Anyone else have one? I’m guessing that just one unit will do, as I already have a hub going from the room where the router is into the living room. Does the Nest WiFi replace your router or append it? Ie, will both the Superhub and the Nest WiFi transmit, or will I need two Nest WiFi units?
You’ll likely still need the Superhub acting as a modem. It will have some kind of setting called “Bridge Mode” or similar which disables all of the routing functions, and leave one ethernet port active. That ethernet port will then lead to your Nest Wi-Fi unit.
One of my “I need this for WFH” purchases has been an Eero 3-pack, functionally very similar to the Nest Wi-Fi.
I know you’re thinking you’d be fine with one - I’d strongly recommend two. One router, however good it is, is rarely an appreciable difference from your ISP-supplied one.
I may buy one to start and then get another later on if it still needs improving.
The issue is basically that my new apartment is in an L shape.
So where the Superhub right now is, is at the end of the L (to the right) - if you imagine that the middle section of the L (the right angle) is the living room, that’s where the hublink is, and then the bedroom (top of the L) is where the signal is bad.
So just by moving the broadcast point with one Nest WiFi to the living room should theoretically improve the signal in the bedroom already.
It’s not a huge flat, so that’s why I thought two units might be overkill.
I have oil heating and use Tado with it.
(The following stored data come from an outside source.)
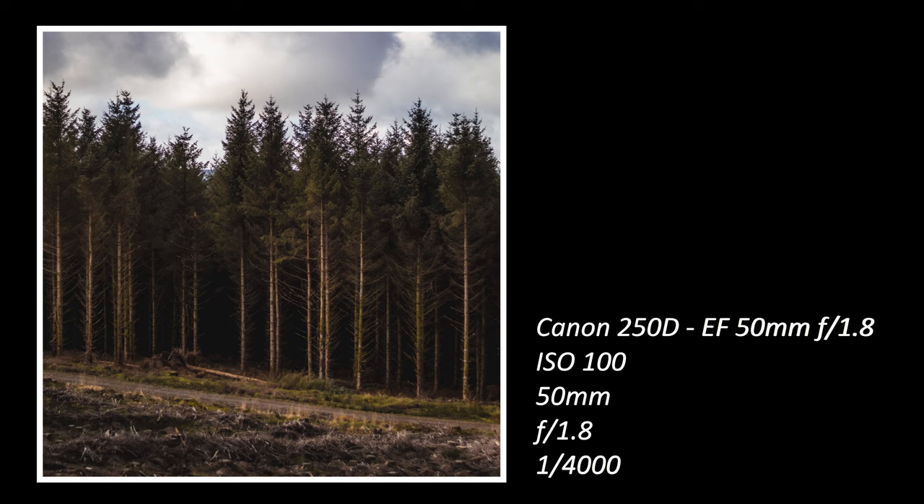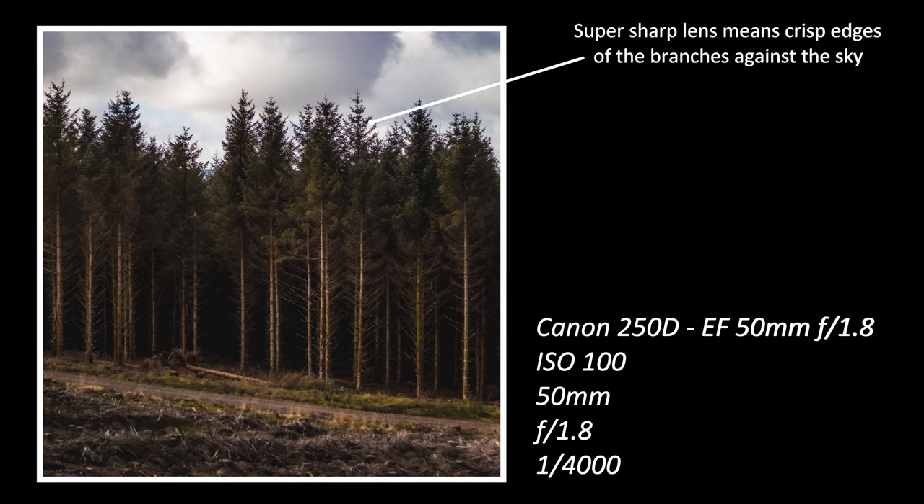It's not the most interesting photo in the world, but it was my first of the day. What this photo does show is how sharp this lens is — check out where the branches meet the sky. Lenses don't often perform their best at the extreme ends of their capabilities, so considering the aperture was wide open at f1.8 it's still super sharp — a useful thing for any photographer.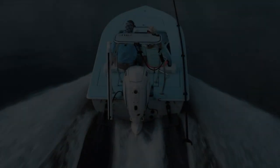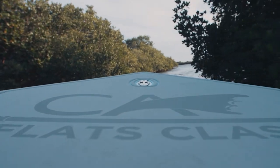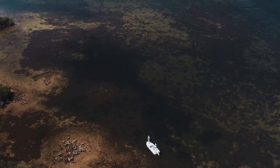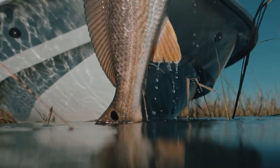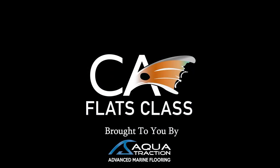So let's go back down to the studio and we'll sit around and mull over those 10. This episode of Flats Class YouTube is brought to you by Aqua Traction, your go-to solution for advanced marine flooring.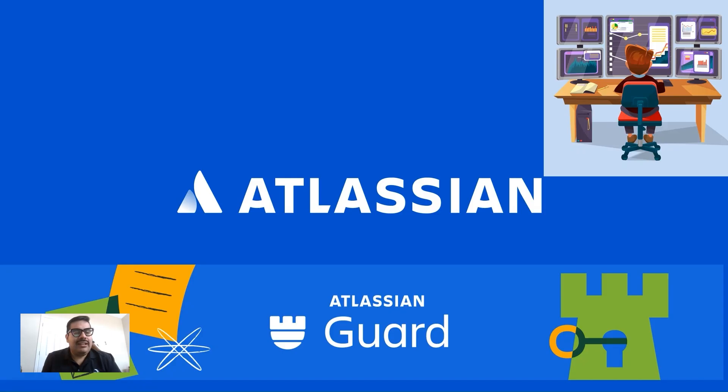Atlassian Guard Standard is a fundamental application included with Atlassian Cloud Enterprise licenses and available to other license tiers. It allows you to use existing identity providers for application access or single sign-on (SSO). Atlassian products like Confluence, Jira, and Jira Service Management are powerful and flexible systems for controlling data access. However, they require diligent access management to prevent data loss and maintain compliance.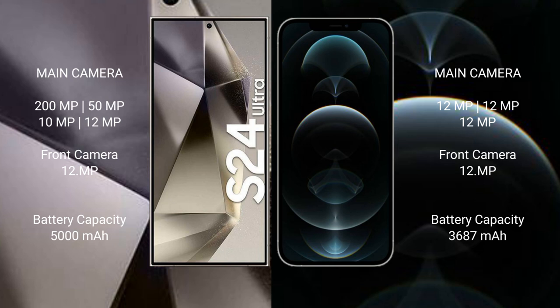The Samsung Galaxy S24 Ultra has a 5000mAh battery with 45-watt fast charging support. The iPhone 12 Pro Max has a 3687mAh battery with 20-watt fast charging support.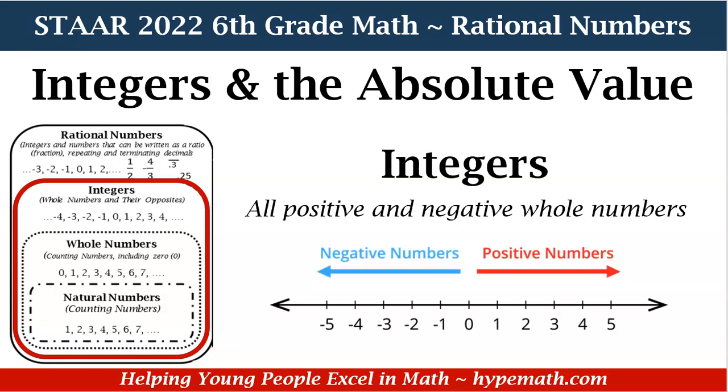So let's review integers and the absolute value. First, let's talk about what integers are, which we did go over in our previous video talking about rational numbers. Integers are all positive and negative whole numbers — that includes zero. On our number line, we have positive numbers on the right hand side and negative numbers on the left hand side, all the way to infinity.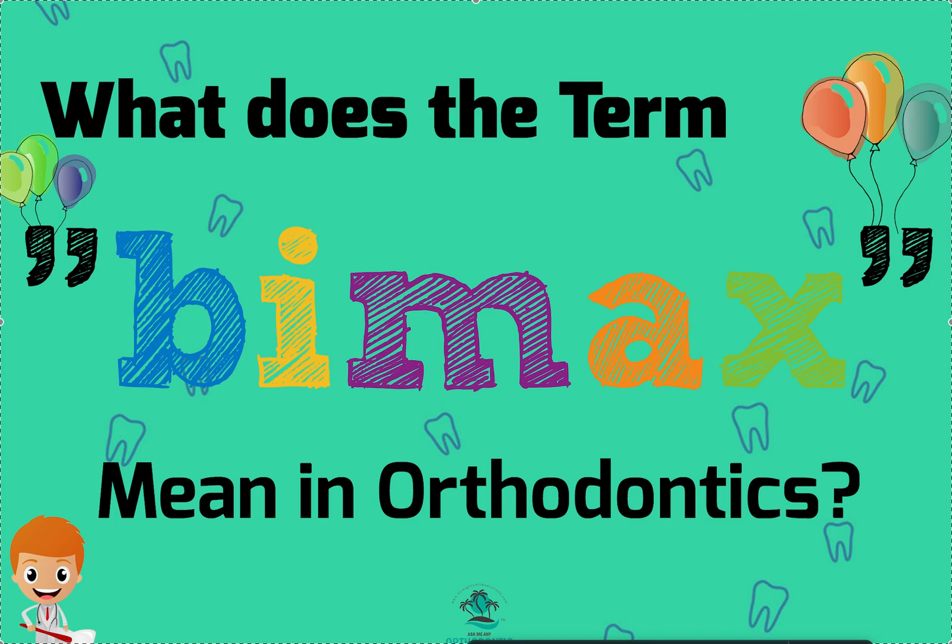And if you put those two facial profiles up against one another, you're going to see there are noticeable differences just on the profile. And that's what BIMAX means, so hopefully that's helpful to you.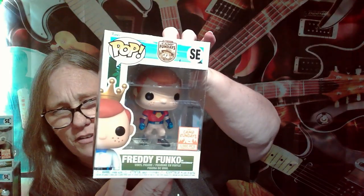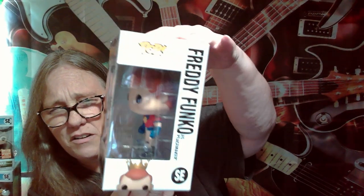Two more in here. We got Luke Skywalker with Grogu, limited to 4,000. And then we got — oh, Freddy Funko as Peacemaker, limited to 5,000. Suicide Squad.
PM me if you have any questions but you can literally email tado a picture of your controller for the heating and they will tell you if its compatible.
Can I ask why you have oil central heating, was it by choice or already in the property?
Living rural we’re not connected to the main gas supply so we opted for LPG instead as it was much cheaper. Just want to check that I’ve not overlooked anything.
Kerosine was in the property when we moved in. Also the stuff I read in the past it is slightly cheaper to run over LPG but that info is a bit old. There is no mains gas option here as well.
No gas mains and LPG runs alot more than oil when we tried to work it out and my dad owns this house and has not lived here in years so it’s in poor repair.
We burn wood 90% of the winter to save money and not run the oil.
Theres not even mains sewerage up here so there will never be gas.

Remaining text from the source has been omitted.